Terminal showing full ClayArgus pipeline run: image culling, preview, 3D solve in 55 seconds, mesh optimization
24 photos in, 4 culled, 3D solve in 55 seconds, 10,000-face mesh out. The whole pipeline.

The Python side was straightforward. Rendering a photogrammetric 3D model from photos? Magically easy. The Swift CLI that wraps Apple’s Object Capture API nearly broke me. Apple’s frameworks will hand you a miracle and then make you fight for two hours to cleanly exit an async subprocess. Also, the M1 chewed through photogrammetry like it was a spreadsheet. This is a consumer chip from 2021. What are they putting in these things. It is available at clayarg.us because of course I bought the domain. It was three dollars.

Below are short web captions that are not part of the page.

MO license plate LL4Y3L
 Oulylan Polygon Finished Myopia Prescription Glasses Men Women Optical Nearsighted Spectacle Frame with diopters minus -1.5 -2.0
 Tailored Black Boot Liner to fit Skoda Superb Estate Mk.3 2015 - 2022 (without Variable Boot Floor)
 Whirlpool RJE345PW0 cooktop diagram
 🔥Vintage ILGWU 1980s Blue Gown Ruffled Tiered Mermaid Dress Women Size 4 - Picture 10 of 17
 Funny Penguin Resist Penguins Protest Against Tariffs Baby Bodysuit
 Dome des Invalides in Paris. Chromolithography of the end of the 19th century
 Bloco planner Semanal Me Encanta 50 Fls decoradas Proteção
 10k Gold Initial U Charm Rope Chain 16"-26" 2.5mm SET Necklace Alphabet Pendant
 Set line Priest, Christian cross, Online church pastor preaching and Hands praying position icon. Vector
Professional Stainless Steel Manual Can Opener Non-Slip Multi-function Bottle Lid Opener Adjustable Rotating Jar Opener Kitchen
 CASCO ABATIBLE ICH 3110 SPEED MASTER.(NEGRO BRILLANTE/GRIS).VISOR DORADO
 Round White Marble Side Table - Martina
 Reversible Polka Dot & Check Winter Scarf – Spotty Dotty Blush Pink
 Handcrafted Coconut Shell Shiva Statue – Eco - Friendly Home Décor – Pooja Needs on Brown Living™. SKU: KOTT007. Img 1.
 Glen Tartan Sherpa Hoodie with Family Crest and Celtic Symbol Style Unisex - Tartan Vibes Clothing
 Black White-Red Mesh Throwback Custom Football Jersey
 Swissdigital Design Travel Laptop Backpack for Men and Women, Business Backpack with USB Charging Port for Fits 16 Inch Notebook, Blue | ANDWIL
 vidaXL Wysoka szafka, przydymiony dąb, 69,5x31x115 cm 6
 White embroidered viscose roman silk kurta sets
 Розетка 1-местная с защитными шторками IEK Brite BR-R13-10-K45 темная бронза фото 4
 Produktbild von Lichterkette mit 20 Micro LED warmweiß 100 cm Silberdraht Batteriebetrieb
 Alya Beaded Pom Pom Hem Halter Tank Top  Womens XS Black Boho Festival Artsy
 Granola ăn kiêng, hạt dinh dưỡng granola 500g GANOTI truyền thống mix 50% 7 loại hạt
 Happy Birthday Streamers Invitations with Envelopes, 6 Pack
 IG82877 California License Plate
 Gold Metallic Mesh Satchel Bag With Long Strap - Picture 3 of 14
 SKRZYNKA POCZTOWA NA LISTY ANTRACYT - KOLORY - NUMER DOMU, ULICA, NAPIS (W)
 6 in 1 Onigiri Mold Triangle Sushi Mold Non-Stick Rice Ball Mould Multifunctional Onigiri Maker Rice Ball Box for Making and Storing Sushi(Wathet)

ClayArgus terminal output alongside a 3D model viewer showing the reconstructed Phoebe bird
Clay bird on a bedsheet in Ohio, 3D model on a screen in New York. The future is stupid and wonderful.

What’s next

The 3D scan gives me a starting shape. Not the final enclosure, but a reference for proportions and form factor.

Phoebe 3D mesh imported into Fusion 360, showing wireframe overlay
Phoebe in Fusion 360. 10,000 faces. Ready to be hollowed out and filled with electronics.

The real work happens in Fusion 360. The bird itself only holds the “airborne” sensors, the ones that smell the air and see the light. It connects to the Perch below, which is a separate housing for the battery and connector ports. I need to hollow the bird out, fit the PCB, design how it mates with the Perch, and figure out how to make the whole thing printable in PETG.

But for the first time, Phoebe looks like a bird. Not a whiteboard sketch, not an ASCII diagram, not a box with wires coming out of it. A bird. My sister made her real.

Easter egg for anyone who noticed the IDE in the screenshots: that’s Lee, a roll-your-own AI IDE I built over the holidays when Anthropic doubled their usage limits. It’s open source. Good luck getting it to run on your machine.